- [TASK TO COMPLETE]:
Your answer must be an exact copy of the lines from the one containing "Low-top Mens Casual" through the last line of the records below, with no pictures; please include nothing else.

- [SUPPLIED DATA]:
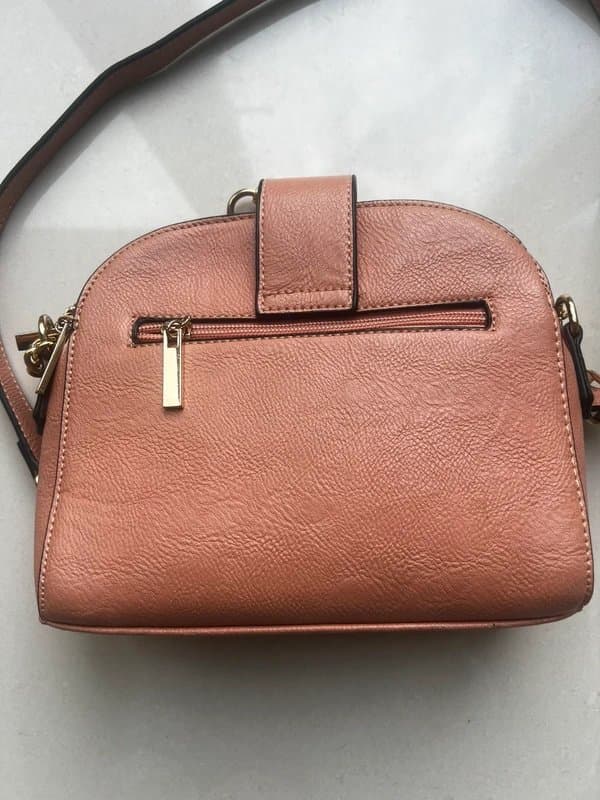 New Look Peach-pink leather effect cross body bag with gold trim and chain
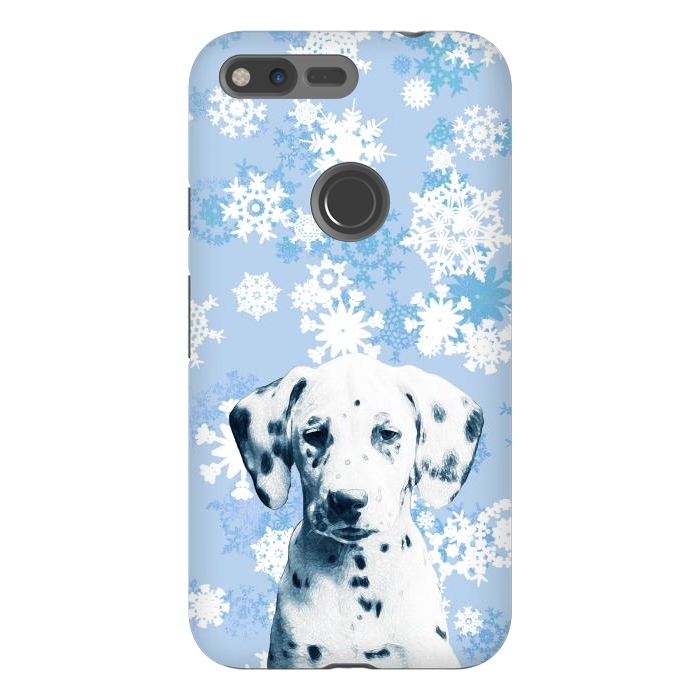 Pixel XL StrongFit Cute dalmatian and blue white snowflakes by Oana 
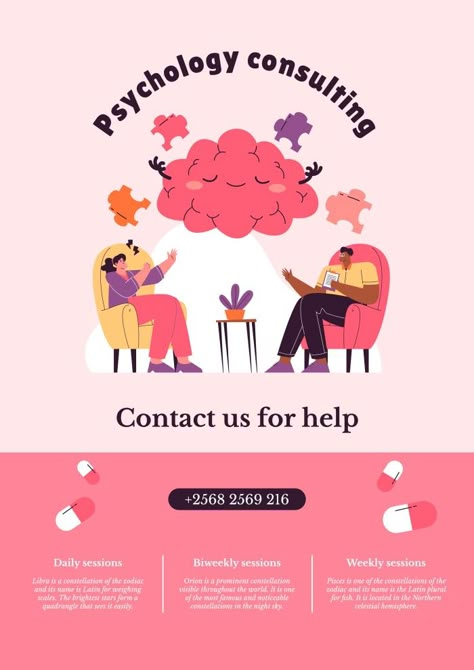 Psychology Posters Ideas, Counseling Advertisement, Psychology Posters Design, Therapy Poster Design, Talk Poster Design, Counselling Poster, Psychology Aesthetic Art, Health Poster Design, Psychology Infographic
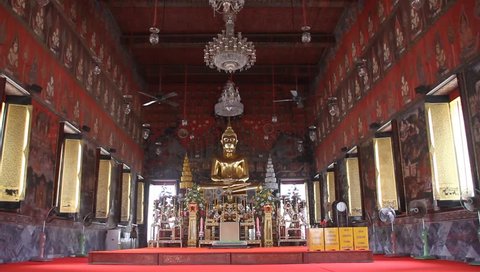 Buddha in temple in Wat Hualampong, bangkok, Thailand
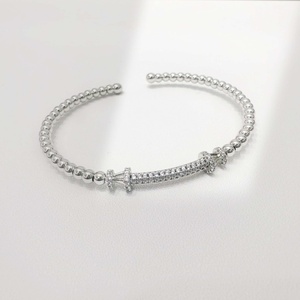 wholesale plata 925 <b>Silver</b> 18k Gold Plated adjustable <b>Cuff</b> <b>Bracelet</b> Classic Everyday Wear hip hop Round Brilliant Cut <b>bracelets</b> - Product Image 3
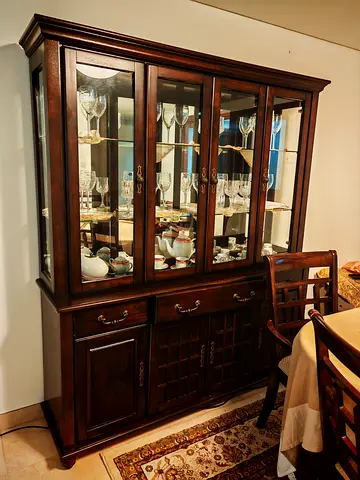 Solid Wood Display Cabinet / China Cabinet in Dark Mahogany
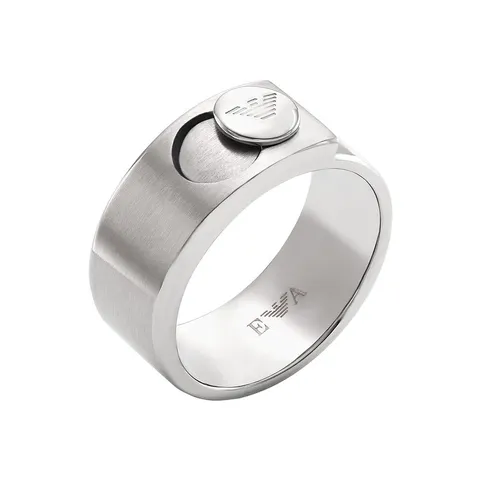 Emporio Armani Anelli Fascia da Uomo in Acciaio Inossidabile, Sabbia d'argento, R1/2 - S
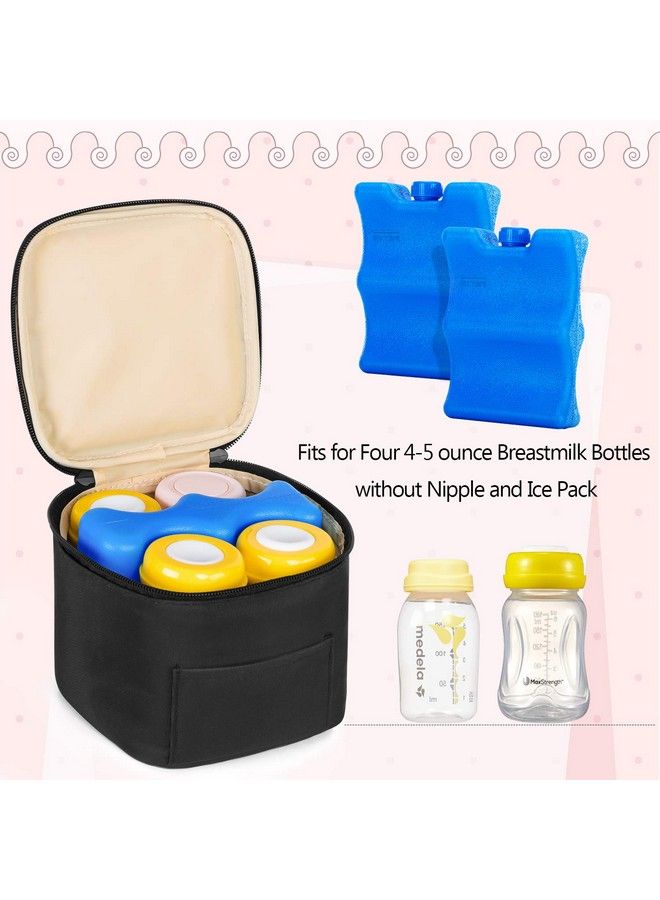 Breastmilk Cooler Bag With Ice Pack Baby Bottles Bag For Up To 4 Large 5 Ounce Bottles Without Nipple Perfect For Nursing Mom Back To Work Black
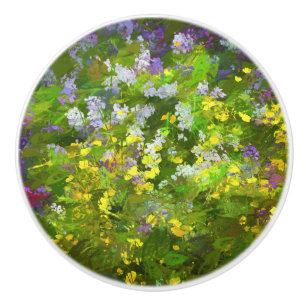 Wildblumen Impasto Malerei - Originelle Blume Kuns Keramikknauf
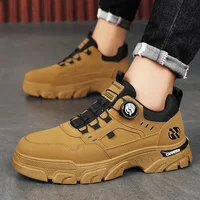 Low-top Mens Casual Shoes Quality Men Boots Rotating Button Men Leather Casual Shoes Trend Work Footwear 2024 New Erkek Ayakkabı 1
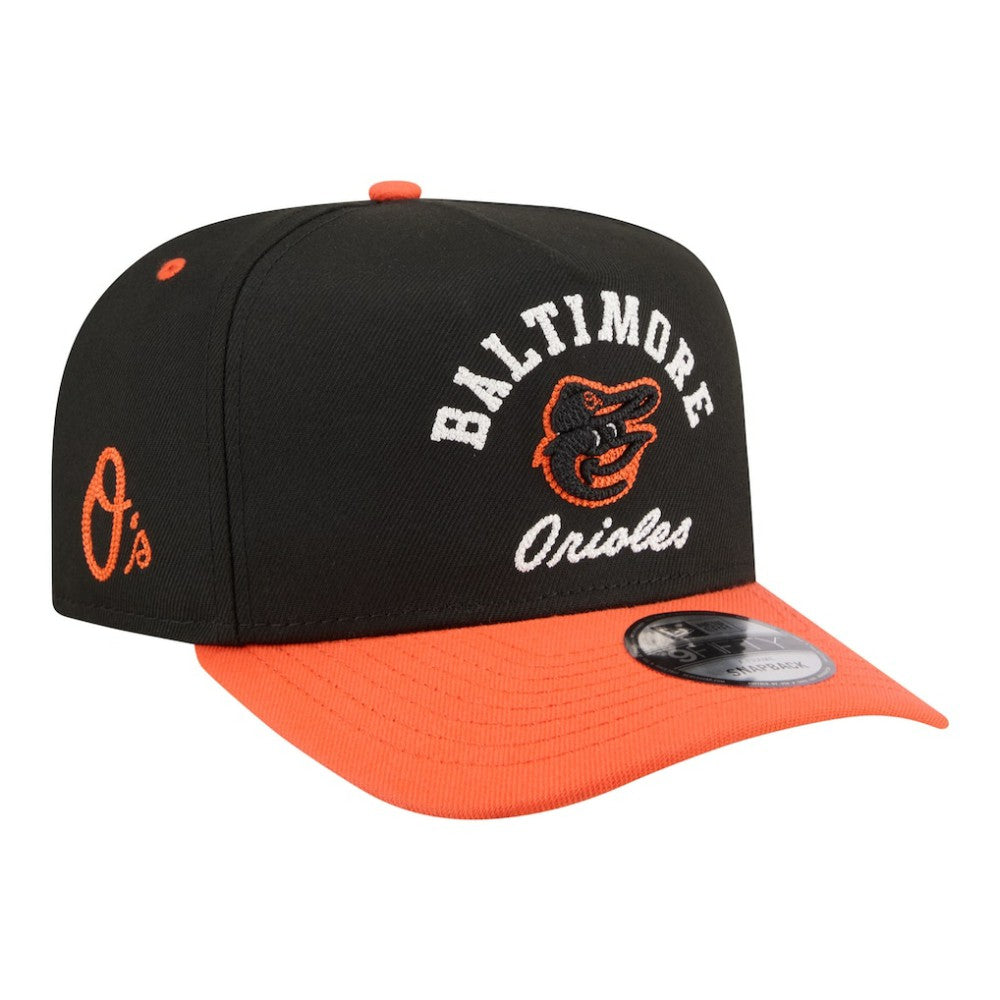 Black/Orange Baltimore Orioles New Era Arched A-Frame 9FIFTY Adjustable Hat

- [RESPONSE TO THIS EXERCISE]:
 Low-top Mens Casual Shoes Quality Men Boots Rotating Button Men Leather Casual Shoes Trend Work Footwear 2024 New Erkek Ayakkabı 1
 Black/Orange Baltimore Orioles New Era Arched A-Frame 9FIFTY Adjustable Hat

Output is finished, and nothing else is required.